- _MATERIAL TO PROCESS_:
- Opening Delimiter -

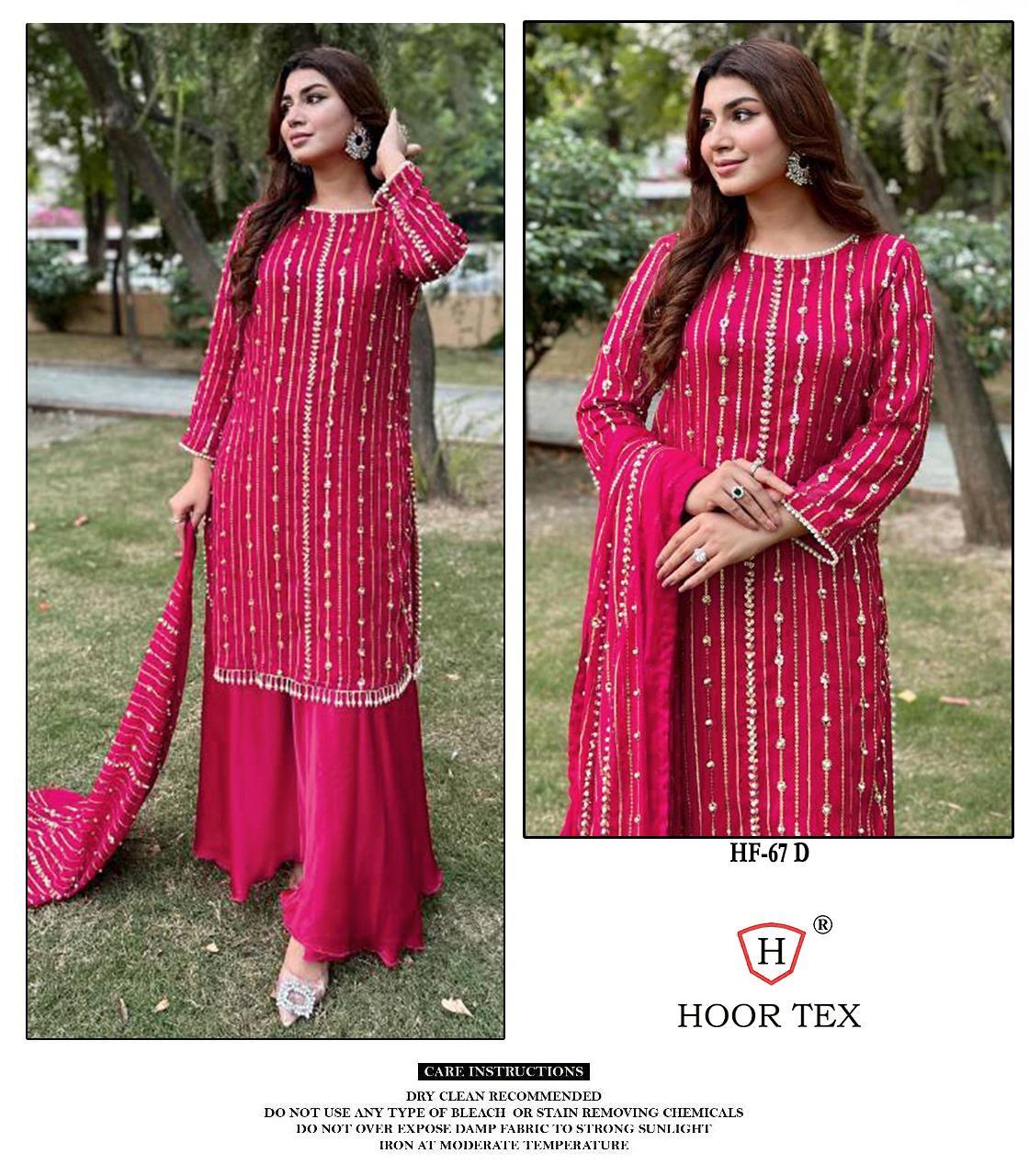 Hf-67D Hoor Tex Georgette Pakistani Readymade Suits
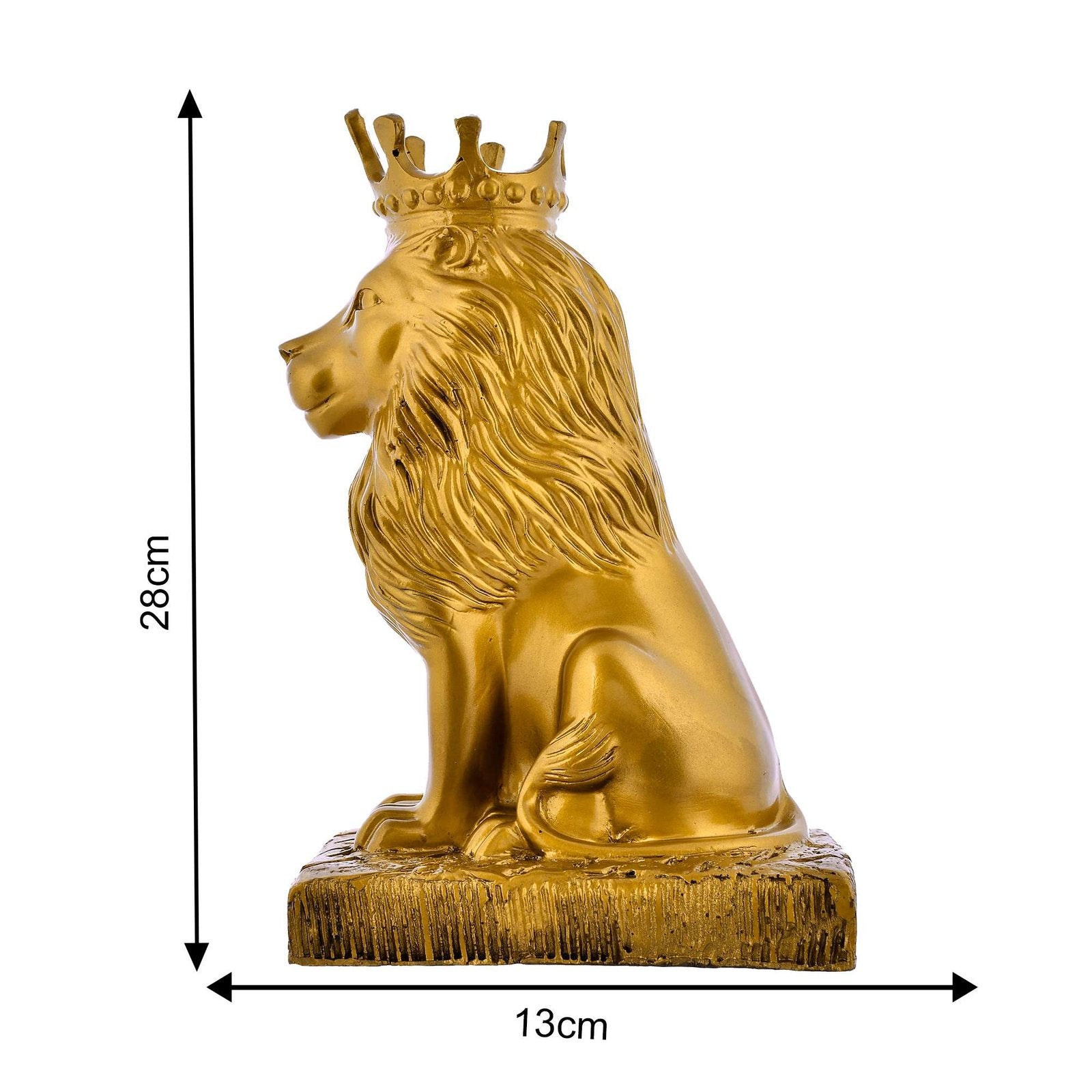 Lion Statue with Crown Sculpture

- Closing Delimiter -
- Opening Delimiter -

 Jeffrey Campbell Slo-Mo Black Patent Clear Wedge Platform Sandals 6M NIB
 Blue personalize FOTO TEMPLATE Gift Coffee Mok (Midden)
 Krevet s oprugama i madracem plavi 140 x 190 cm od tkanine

- Closing Delimiter -

- _EXERCISE DIRECTIONS_: Could you repeat, exactly, only the lines above starting at the one that has "Hf-67D Hoor Tex" and stopping after the one that has "Lion Statue with Crown Sculpture", without the pictures?

- _ANSWER_:
 Hf-67D Hoor Tex Georgette Pakistani Readymade Suits
 Lion Statue with Crown Sculpture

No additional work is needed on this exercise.